He had only felt something like that once in his life. Just after high school he’d worked at a transformer substation where the juice traveling down high-tension wires was stepped down, dampened, for household and industrial consumption. He’d quit after three weeks. Those transformers had been pissing out an energy that only he seemed to be aware of. When he got too close to them, his teeth ached and his spine crawled like it was covered with hundreds of ants. But there was a mental effect, too. It amped him up. Made him feel nervous and antsy and wired like he was full of caffeine or coked-up. Later on, one of the engineers told him that the high-tension lines and their attendant transformers put out moderate alternating electrical and magnetic fields and some people were just more susceptible to them.
Those high peaks were doing that to him, he knew. Creating a negative charge of energy that maybe only he was feeling.

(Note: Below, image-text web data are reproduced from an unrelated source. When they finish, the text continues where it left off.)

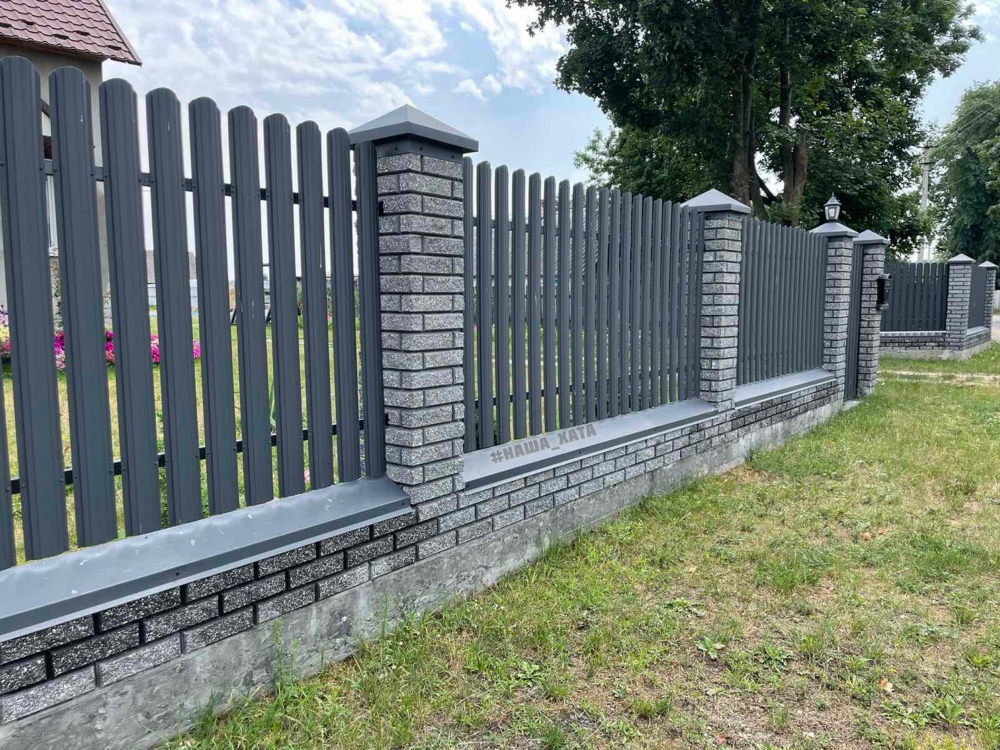 Євроштахети одностороннє зашиття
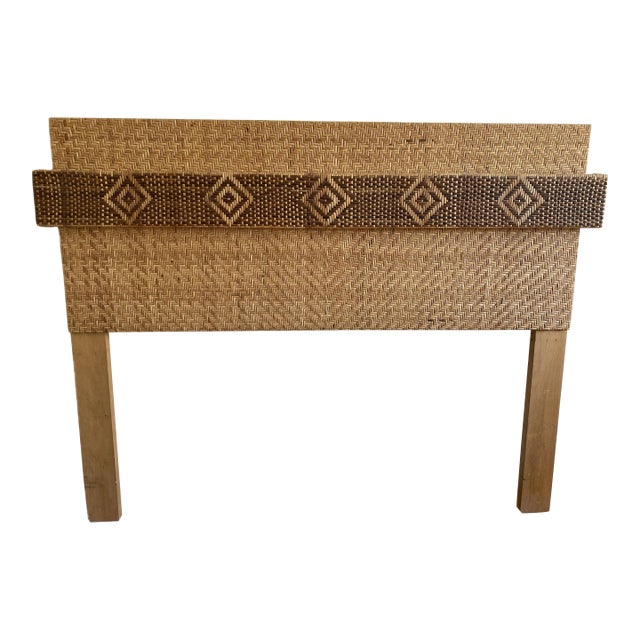 British Colonial Vintage Queen Headboard Ralph Lauren Style For Sale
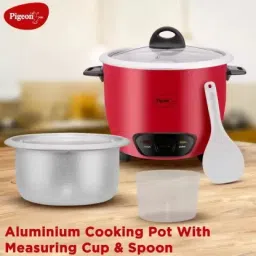 pigeon Ruby single Pot (With ss Lid) Electric Rice Cooker image 2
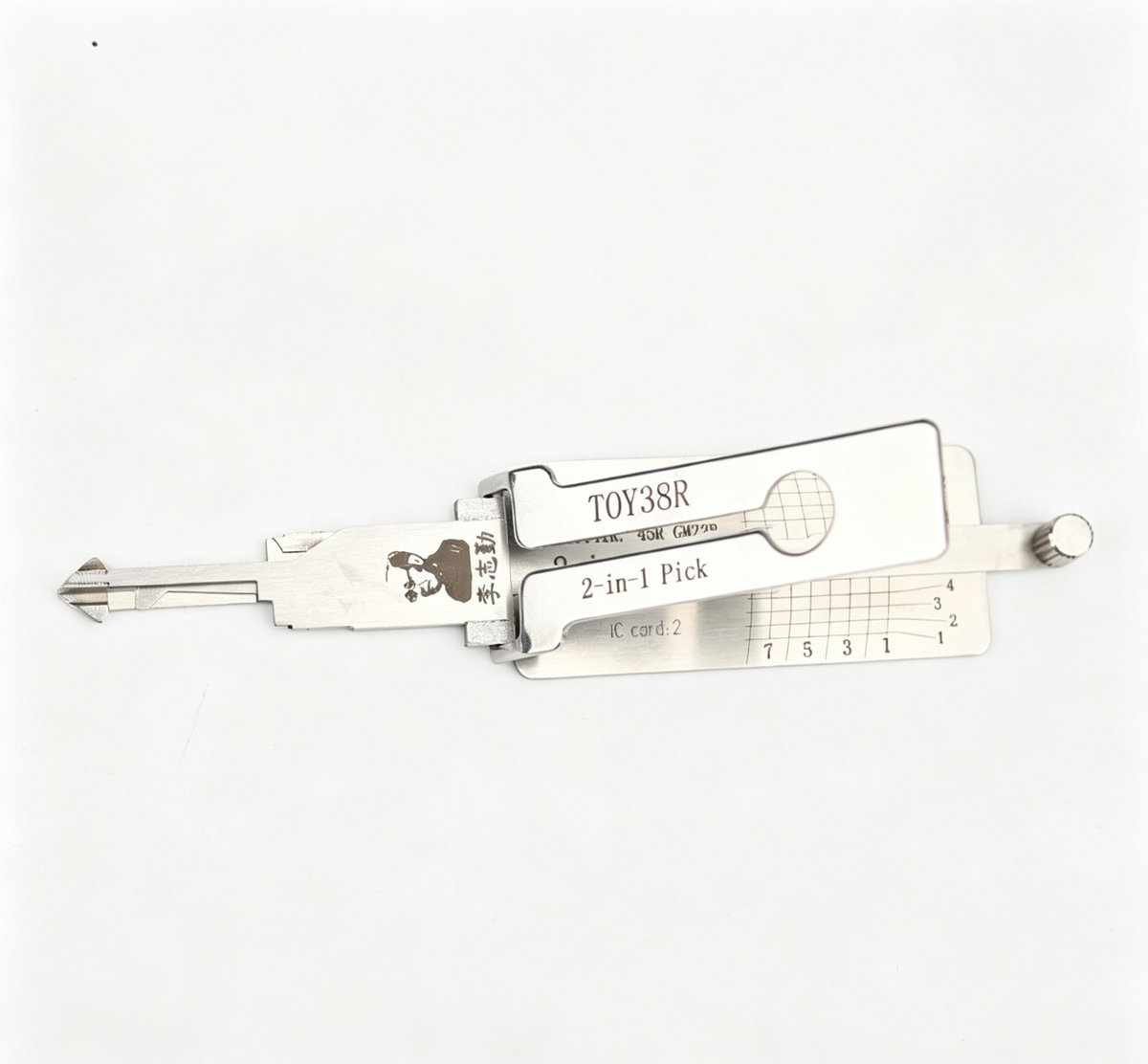 🔧 Lishi TOY38R 2-in-1 Car Lock Pick & Decoder | Professional Auto Lock Tool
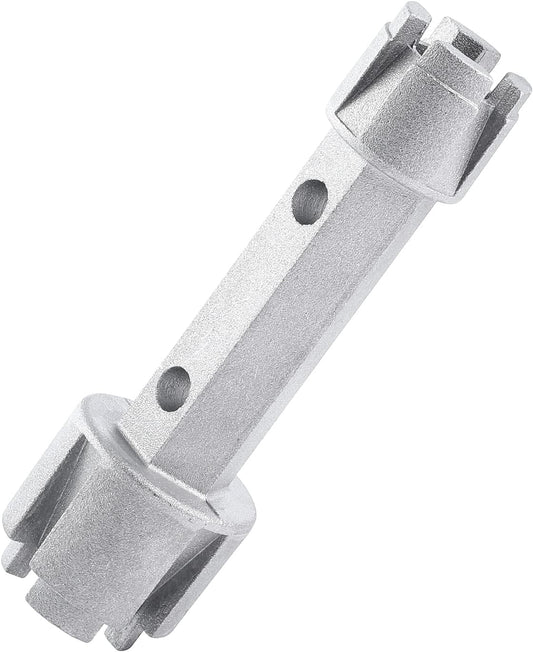 Tub Drain Remover Wrench - Use to Install and Remove Most Bath and Shower Drains and Closet Spuds Square Plastic Toilet Seat Nuts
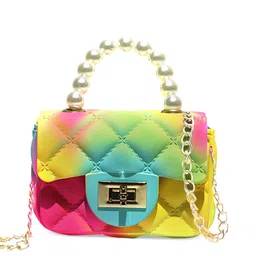 Babymoon Girls Structured Quilted Sling Bag-16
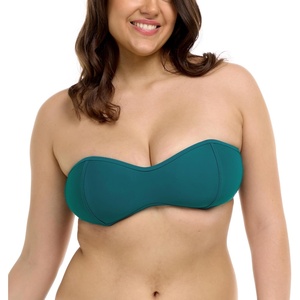 image:imageBody Glove Womens Smoothies Tainted Love Solid Retro Bandeau Bikini Top SwimsuitKingfisher
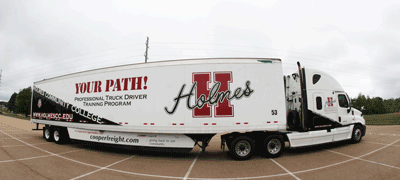 The Holmes Community College Attala Center in Kosciusko is offering an 8-week Professional Truck Driving training program that will run Feb. 17 through April 6.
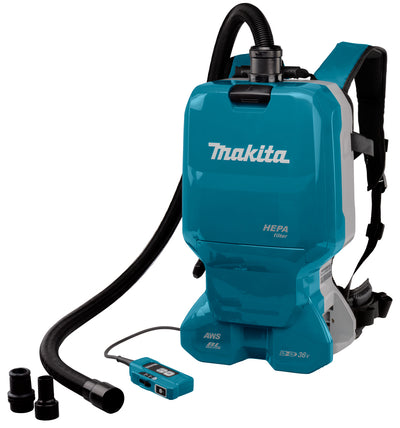 Makita dvc665zu | rug stofzuiger | 2x18v | zonder. accu's en lader - dvc665zu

Sharkey put her gloved hand on his arm. “You can feel it, can’t you?” she said, touching her chest and her head. “In
“Yes,” he said. “It’s strong.”
Even turned away from those spires and cones he was feeling it right down to his marrow. A dizzy sense of deja-vu, deja-vu squared. A dark and misty recognition of something long-forgotten and rediscovered. But it was more that, it was much more. He was feeling something else, too, something huge that seemed to blot out his rational mind. He was in touch with some ancient network and he could feel the legacy of his race, the twisted and shadowy ancestral heritage that had been passed down from impossibly ancient and forgotten days. The race memory of this place and others like it, the creatures who occupied them . . . all of it was rushing up at him, sinking him in a mire of atavism and primal terror. These things had been written and remembered, he knew, in the form of folktale and legend and myth. Channeled through the ages into tales of winged demons and devils, night-haunts and the Wild Hunt itself.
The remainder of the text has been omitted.